From my comfortable refuge here, on a sliver of rock overhanging a 100-foot cliff, I watch the painted ladies flying north.
Hundreds of the butterflies pass me in any five-minute period. They’ve been headed north for some weeks, nourished by a spectacular growth of annual flowers in the Mojave and deserts south, and those that linger near me for a moment show signs of wear. They have tattered tails, and holes have been worn in their fragile wings. They do not falter, flying toward the Sacramento in pairs and threes.
It’s really rather impressive. This blizzard of orange and black crepe crossing mountains, desert valleys, going from country to country, no luggage nor passport, orange and black wings thinner than crepe and fueled by tiny sips of flower, and they’re moving faster than I can run. Each is just slightly more substantial than a thought, maybe a tenth of a gram of chitin and water and light. But probably ten thousand butterflies will pass me on my hike, a kilogram of flying stained glass shards. My hike covers five and a half miles. Extrapolate from there: many tons of butterflies are moving north in California today.
Butterflies hate cameras, I find. With the lens stowed safely in my pack the painted ladies linger in my gaze, slowly, languorously opening and closing their wings like long mascaraed lashes, almost allowing me to stroke them. But if I hold my camera I become a paparazzo, and they flee when I get within thirty feet.
When stealth and slyness fail, a cheating hunter uses bait. I park myself near a black sage in flower, ready to shoot should a butterfly feed on its resiny nectar. I waste a dozen shots on orange blurs.
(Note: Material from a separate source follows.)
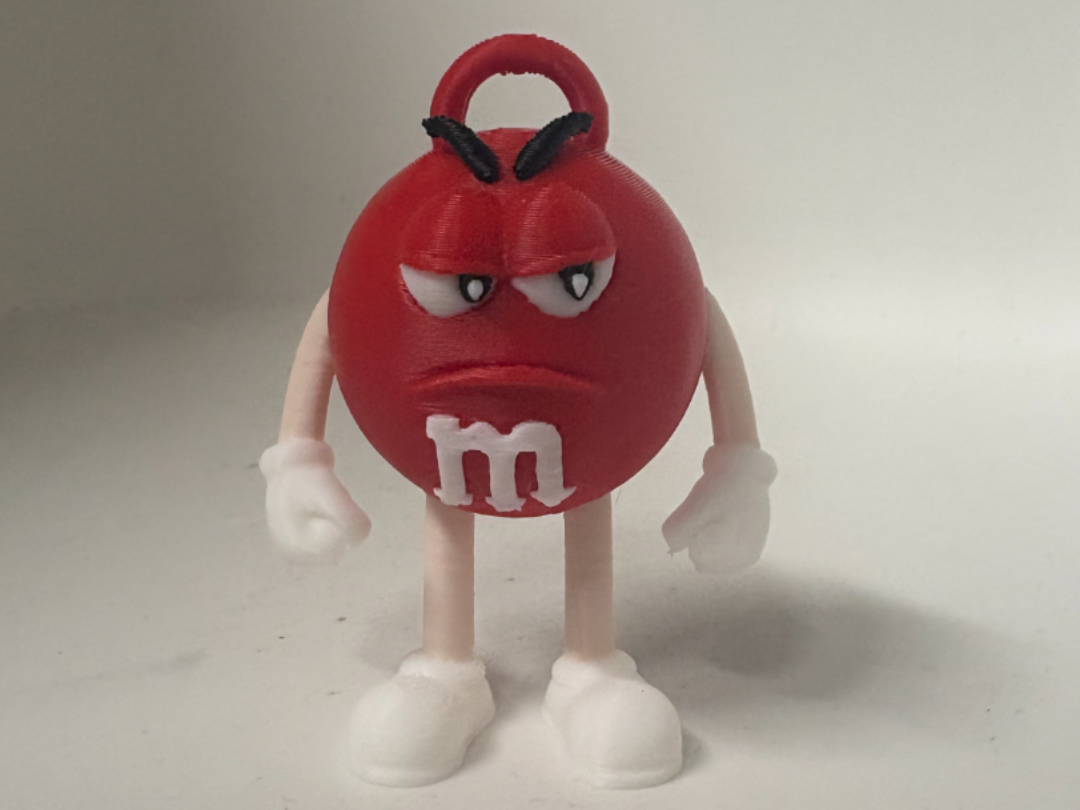 M&M Keyring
Sitting on a precipice usually makes me think the big thoughts, and watching once-in-a-decade wildlife migrations does the same. Combine the two and I become a great big maudlin ball of triteness. I distract myself with attention to the camera, fiddling with the focus ring and puzzling at the newness and opacity of the buttons. A hundred thousand slips of tattered crepe speed through this park on their way to mate and die. Black sage pushes out flower after flower. Larkspur and shooting star and goldfields dot the meadows. A turkey vulture soars high above the tops of the trees in the canyon through which flows Marsh Creek: I can just make out the feathers on its back fifty feet below me. The breeze does little to cool my sunburned skin. Discrete entity though I may be, this reddening border between me and not-me is less distinct than I would like. For a moment I forget exactly where I end and the lichen-covered rock on which I lean begins. Did I drive here past the swell of fake winery homes and vanity ranches — none of which were there on my last visit — or have I always been here, clasped by the rock from which I’ve grown? I am forty-five years old, and my life seems to be changing in ways I’ve long desired but which, now, are a little frightening.
Is the aperture set right for the depth of field I want?
A butterfly lands to feed on the sage. I snap three shots of it, each sharp enough to identify the species but not particularly pretty. After the third shot it stirs and flies away.
Satisfied, I relax a bit. The view of Diablo is really quite nice from this spot. It’s a vantage point I don’t often have, here all the way across the mountain from my usual haunts. It’s odd, looking at the mountain, to realize I’ve walked from peak to peak a dozen times, that I climbed the long west slope of the mountain once a quarter century ago, and the far, north side twice in the last six months. If I had to grow out of rock and spend my life affixed to any one spot, this might me the one I’d pick. I raise the camera, lock my elbows against my knees to steady myself, and shoot.